:: Information shown ::
----------------

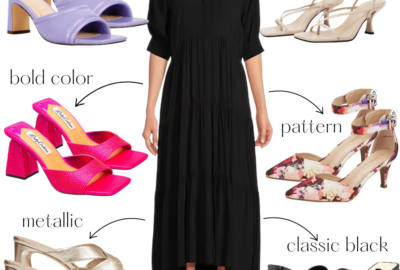 what shoes to wear with a black dress
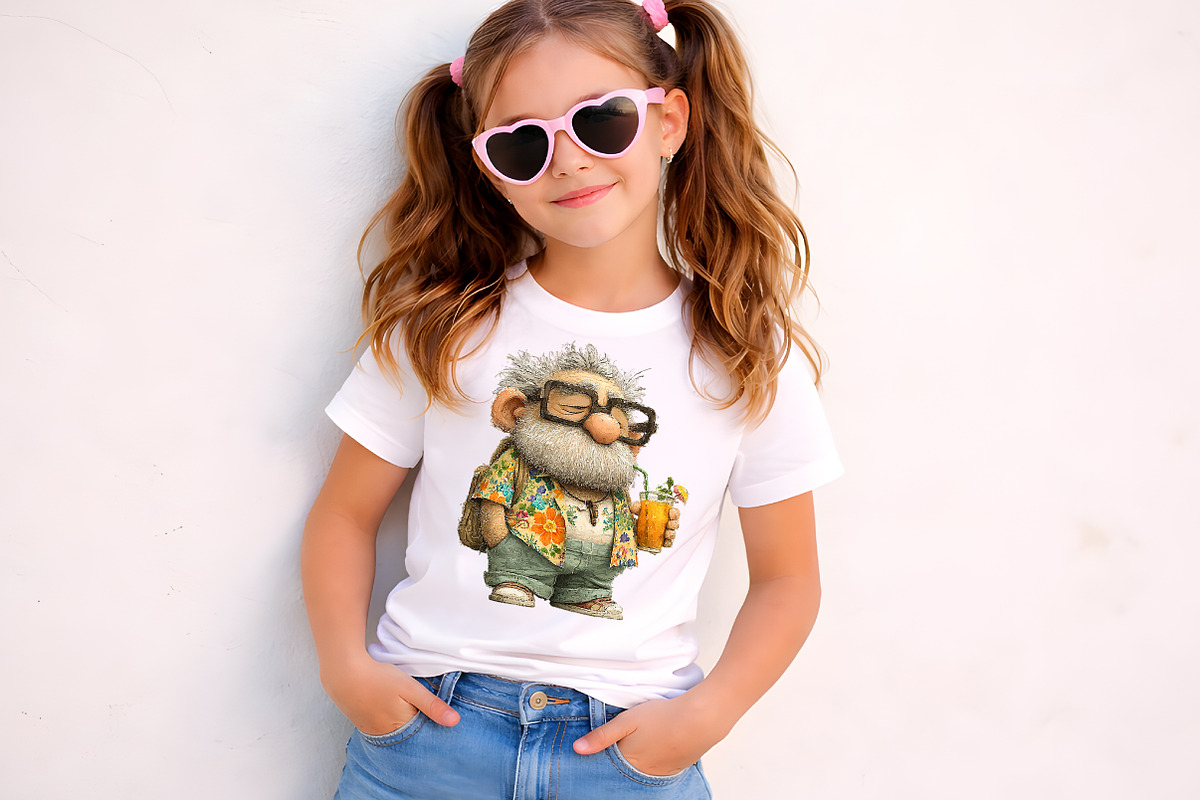 Funny Summer Beach Grandpa Clipart, an Illustration by Digital Artistic99 (Photo 6 of 11)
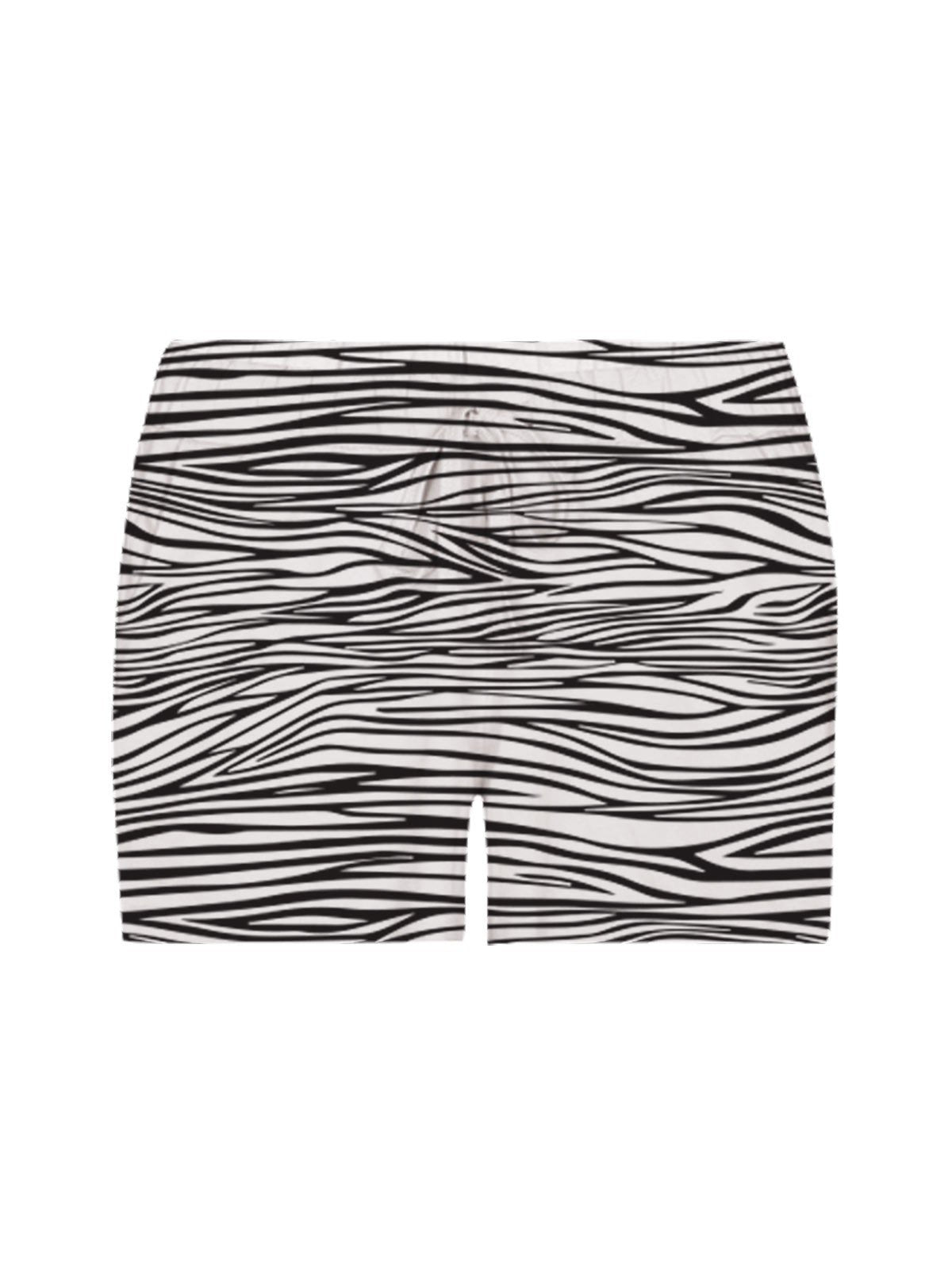 Women’s Brown Animal Print Cotton Jersey Knit Shorts – Bold & Comfortable Style - Boer and Fitch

----------------

:: Task brief ::
Write out the whole listing above exactly; do not include the pictures.

:: Output of the exercise ::
 what shoes to wear with a black dress
 Funny Summer Beach Grandpa Clipart, an Illustration by Digital Artistic99 (Photo 6 of 11)
 Women’s Brown Animal Print Cotton Jersey Knit Shorts – Bold & Comfortable Style - Boer and Fitch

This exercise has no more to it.